Two studies take on the question.  The first, from Canadian researchers, equivocates.  In some ways yes, in other ways no.

The second study, from Wales professor David Benton, looks at what you would have to prove to prove sugar addiction and concludes that current observations just don’t support it.  He says:

If sugar addiction exists…addicts would experience increased food cravings, predominantly for sweet items; cravings would be especially strong in the morning, after an overnight fast; obese people would find sweet foods particularly attractive; and high sugar consumption would predispose people to obesity…There is no support from the human literature for the hypothesis that sucrose may be physically addictive or that addiction to sugar plays a role in eating disorders.  [Here’s the abstract of his paper]

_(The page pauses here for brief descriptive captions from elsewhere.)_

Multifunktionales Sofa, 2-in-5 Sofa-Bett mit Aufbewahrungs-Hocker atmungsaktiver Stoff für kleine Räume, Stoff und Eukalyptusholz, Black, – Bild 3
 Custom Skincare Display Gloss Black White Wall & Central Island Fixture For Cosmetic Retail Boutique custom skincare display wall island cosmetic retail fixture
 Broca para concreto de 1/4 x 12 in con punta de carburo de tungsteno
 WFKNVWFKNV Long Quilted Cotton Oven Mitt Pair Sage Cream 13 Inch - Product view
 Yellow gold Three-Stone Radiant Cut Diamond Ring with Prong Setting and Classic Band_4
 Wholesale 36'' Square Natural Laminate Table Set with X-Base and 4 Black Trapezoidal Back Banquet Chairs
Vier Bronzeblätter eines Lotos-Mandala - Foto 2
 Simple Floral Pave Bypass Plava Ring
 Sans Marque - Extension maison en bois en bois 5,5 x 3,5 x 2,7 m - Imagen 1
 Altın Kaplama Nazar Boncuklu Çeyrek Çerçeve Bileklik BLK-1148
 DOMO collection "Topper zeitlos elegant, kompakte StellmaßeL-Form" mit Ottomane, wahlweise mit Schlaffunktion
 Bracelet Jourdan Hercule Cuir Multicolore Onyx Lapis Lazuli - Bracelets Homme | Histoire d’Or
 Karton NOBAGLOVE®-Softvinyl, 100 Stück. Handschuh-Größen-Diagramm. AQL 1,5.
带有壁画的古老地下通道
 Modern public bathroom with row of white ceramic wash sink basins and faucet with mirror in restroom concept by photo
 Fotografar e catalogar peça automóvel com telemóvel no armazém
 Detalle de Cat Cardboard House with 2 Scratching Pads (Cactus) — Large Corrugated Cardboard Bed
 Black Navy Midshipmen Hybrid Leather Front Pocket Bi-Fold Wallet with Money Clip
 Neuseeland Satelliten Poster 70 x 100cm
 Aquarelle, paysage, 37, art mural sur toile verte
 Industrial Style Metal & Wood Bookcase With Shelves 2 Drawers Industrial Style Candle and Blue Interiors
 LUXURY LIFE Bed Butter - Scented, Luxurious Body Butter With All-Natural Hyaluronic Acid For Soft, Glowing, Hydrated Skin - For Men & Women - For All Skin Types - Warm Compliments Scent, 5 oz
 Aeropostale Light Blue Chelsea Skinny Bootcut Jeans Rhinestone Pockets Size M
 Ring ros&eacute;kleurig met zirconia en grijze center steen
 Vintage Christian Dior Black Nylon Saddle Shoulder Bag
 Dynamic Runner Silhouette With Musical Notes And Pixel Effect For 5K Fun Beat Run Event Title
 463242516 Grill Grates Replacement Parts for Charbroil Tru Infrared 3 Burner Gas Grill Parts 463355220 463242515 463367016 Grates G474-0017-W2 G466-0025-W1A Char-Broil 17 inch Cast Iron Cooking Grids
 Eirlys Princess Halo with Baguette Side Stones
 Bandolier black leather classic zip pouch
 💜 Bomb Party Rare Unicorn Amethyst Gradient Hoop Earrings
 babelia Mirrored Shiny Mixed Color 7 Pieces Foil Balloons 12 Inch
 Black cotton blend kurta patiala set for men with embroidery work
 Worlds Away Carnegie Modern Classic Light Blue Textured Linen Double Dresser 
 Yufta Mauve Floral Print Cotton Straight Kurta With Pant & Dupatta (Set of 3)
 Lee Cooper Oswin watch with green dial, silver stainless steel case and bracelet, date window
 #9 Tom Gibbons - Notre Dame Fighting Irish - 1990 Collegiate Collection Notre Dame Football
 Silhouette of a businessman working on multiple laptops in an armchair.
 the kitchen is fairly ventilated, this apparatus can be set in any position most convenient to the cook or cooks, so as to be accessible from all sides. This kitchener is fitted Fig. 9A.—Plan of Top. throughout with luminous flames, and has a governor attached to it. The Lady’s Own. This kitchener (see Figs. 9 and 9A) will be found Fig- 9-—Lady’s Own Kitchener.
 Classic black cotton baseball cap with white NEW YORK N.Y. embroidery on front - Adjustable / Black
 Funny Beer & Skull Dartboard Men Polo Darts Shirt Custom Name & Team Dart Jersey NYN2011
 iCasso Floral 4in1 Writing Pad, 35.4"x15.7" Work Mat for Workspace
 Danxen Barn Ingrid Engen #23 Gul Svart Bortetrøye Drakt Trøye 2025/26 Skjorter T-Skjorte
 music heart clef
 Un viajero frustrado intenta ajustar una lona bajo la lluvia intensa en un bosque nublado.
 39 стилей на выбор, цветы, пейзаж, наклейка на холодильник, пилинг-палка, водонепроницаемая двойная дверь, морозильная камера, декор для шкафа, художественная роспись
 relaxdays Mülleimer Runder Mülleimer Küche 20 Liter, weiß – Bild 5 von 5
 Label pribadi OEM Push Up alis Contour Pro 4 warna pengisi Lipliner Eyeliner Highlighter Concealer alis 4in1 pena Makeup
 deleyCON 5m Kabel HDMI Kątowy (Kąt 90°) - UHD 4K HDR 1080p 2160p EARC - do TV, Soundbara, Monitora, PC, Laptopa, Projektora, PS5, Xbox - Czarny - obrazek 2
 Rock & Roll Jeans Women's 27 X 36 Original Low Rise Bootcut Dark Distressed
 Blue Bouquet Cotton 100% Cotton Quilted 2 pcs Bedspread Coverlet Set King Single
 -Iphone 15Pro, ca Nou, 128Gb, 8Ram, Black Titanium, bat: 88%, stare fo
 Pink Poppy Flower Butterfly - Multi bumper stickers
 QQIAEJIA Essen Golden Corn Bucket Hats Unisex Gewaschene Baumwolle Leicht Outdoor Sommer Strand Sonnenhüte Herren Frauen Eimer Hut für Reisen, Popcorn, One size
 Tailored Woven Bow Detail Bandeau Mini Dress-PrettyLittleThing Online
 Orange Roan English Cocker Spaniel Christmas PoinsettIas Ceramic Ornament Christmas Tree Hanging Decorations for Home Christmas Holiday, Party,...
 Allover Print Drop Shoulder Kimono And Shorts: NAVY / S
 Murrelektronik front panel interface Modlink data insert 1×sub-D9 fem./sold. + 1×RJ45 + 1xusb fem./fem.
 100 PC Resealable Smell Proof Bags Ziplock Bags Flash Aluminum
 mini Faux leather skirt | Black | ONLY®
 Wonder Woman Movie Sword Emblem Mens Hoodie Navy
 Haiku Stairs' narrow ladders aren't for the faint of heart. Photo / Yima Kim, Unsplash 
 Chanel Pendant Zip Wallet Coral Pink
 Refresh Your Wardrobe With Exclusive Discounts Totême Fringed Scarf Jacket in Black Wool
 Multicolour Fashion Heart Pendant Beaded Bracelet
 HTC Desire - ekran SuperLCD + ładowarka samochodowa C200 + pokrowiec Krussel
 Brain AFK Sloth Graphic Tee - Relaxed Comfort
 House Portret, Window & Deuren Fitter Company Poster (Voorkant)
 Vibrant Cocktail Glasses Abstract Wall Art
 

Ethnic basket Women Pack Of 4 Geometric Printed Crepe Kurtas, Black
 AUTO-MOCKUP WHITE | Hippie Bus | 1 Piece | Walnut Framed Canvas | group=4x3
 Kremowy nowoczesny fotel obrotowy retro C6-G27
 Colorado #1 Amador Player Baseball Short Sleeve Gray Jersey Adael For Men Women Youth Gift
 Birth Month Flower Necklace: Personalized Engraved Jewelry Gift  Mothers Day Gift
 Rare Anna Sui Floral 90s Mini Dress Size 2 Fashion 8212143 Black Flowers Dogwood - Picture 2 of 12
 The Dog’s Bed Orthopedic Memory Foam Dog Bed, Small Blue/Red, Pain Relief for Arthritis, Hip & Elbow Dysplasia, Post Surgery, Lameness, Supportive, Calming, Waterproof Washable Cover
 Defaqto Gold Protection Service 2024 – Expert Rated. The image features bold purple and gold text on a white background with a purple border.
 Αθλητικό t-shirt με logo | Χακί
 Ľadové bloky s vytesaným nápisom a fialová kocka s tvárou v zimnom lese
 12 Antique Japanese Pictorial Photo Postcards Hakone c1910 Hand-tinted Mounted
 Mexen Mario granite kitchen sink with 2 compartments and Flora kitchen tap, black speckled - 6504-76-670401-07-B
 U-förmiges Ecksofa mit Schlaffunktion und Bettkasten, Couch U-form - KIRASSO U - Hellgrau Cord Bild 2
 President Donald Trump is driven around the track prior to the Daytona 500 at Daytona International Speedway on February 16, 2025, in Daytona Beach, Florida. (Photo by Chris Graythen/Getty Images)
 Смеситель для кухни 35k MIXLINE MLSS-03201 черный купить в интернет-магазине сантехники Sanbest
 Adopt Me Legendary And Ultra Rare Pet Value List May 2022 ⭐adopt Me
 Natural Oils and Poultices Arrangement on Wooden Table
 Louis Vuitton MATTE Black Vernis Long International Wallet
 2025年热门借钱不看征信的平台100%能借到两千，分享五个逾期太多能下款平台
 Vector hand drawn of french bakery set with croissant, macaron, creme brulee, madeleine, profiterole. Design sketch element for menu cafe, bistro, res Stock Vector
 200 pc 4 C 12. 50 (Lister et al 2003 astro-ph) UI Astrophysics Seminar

Really?  I’m curious to know what’s out there on this.

Oct 15 2009

Connecticut takes on Smart Choices!

Richard Blumenthal, the Connecticut Attorney General, says he is about to conduct an investigation into the Smart Choices program because it is “overly simplistic, inaccurate and ultimately misleading.”   Recall that Froot Loops, a product with sugar as its first ingredient, qualifies as a better-for-you option.  Apparently, Mr. Blumenthal is talking to the Attorneys General of other states and several want to join his investigation.  While they are at it, maybe they should also take a look at the role of the American Society of Nutrition in developing and managing this program.

But count on the American Council on Science and Health (ACSH) to defend Froot Loops as a Smart Choice.  Explains ACSH’s Jeff Stier:

Froot Loops and Lucky Charms have the ‘Smart Choices’ label. They have sugar in them, but they also contain half of a person’s daily requirement of some vitamins. If we’re able to give kids those nutrients, it should be okay to give them some sugar. If they sold these products without sugar, kids wouldn’t eat them, or they might end up adding even more on their own….Don’t companies have the right to say those foods are better than others? It’s not as if they are making specific health claims, rather these are just comparative claims.

This Richard Blumenthal is the same one who has been seeking to ban e-cigarettes…Connecticut may have more serious problems to focus on than banning e-cigarettes and worrying about companies trying to point consumers to healthier products. Froot Loops obviously isn’t the healthiest food out there, but it’s better than many others.

It’s that debatable philosophic argument again: Is a so-called “better-for-you” product necessarily a good choice?

[Note: I’m in Rome this week and am most grateful to the six people who sent me the Times article and the two who sent the ACSH post.  Thanks so much!]